Member of the British Columbia Legislative Assembly for Central Fraser Valley
- In office May 10, 1979 – October 22, 1986
- Preceded by: Riding Established
- Succeeded by: Harry de Jong Peter Albert Dueck

Personal details
- Born: February 25, 1927 Glasgow, Scotland
- Died: February 9, 2014 (aged 86) Qualicum Beach, British Columbia, Canada
- Party: Social Credit
- Spouse(s): Frances Maud Kathleen Ritchie Nina Ritchie

= Bill Ritchie (politician) =

Canadian politician (1927–2014)

William Samuel Ritchie (February 25, 1927 – February 7, 2014) was a Canadian businessman entrepreneur and politician. He served in the Legislative Assembly of British Columbia from 1979 to 1986, as a Social Credit member for the constituency of Central Fraser Valley.

==Biography==

During World War II, Ritchie lied about his age and joined the British Royal Navy. He sold kindling door-to-door, giving his mother most of his earnings to help with family expenses. Ritchie farmed in Scotland and eventually moved to County Fermanagh, Northern Ireland where he married Maud Armstrong and had their first child.

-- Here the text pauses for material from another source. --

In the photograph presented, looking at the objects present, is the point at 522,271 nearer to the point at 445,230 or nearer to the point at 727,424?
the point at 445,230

In 1952, Ritchie left aboard the ship Empress of Canada and settled in Winnipeg there they had their second child. He held numerous jobs, all in agriculture except for a short time at Trans Canada Airlines and as a real estate agent. His career took him back and forth between Manitoba and British Columbia.

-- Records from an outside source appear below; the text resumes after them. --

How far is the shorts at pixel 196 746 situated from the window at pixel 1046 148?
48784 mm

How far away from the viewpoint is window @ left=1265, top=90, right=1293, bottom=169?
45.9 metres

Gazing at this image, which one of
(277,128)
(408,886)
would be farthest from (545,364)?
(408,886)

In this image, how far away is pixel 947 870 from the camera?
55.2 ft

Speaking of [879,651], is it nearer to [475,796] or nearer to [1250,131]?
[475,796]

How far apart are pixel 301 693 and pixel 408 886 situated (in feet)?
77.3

Eventually, Ritchie moved to Burnaby British Columbia there they had their third and fourth child and earning the position of General Sales Manager At Buckerfields Feed, he eventually moved to Abbotsford British Columbia and partnered with Dave Smith and formed "Ritchie-Smith Feeds Ltd."

==Political career==

After selling Ritchie-Smith Feeds, he entered politics and become the MLA for Central Fraser Valley. He served in the Bill Bennett government as Minister of Municipal Affairs. In 1986, he did not seek re-election, after placing 10th in that year's Social Credit leadership race.

==Later life and death==

He met and married, Nina in 1990. Eventually, they settled in Qualicum Beach where they resided until he died.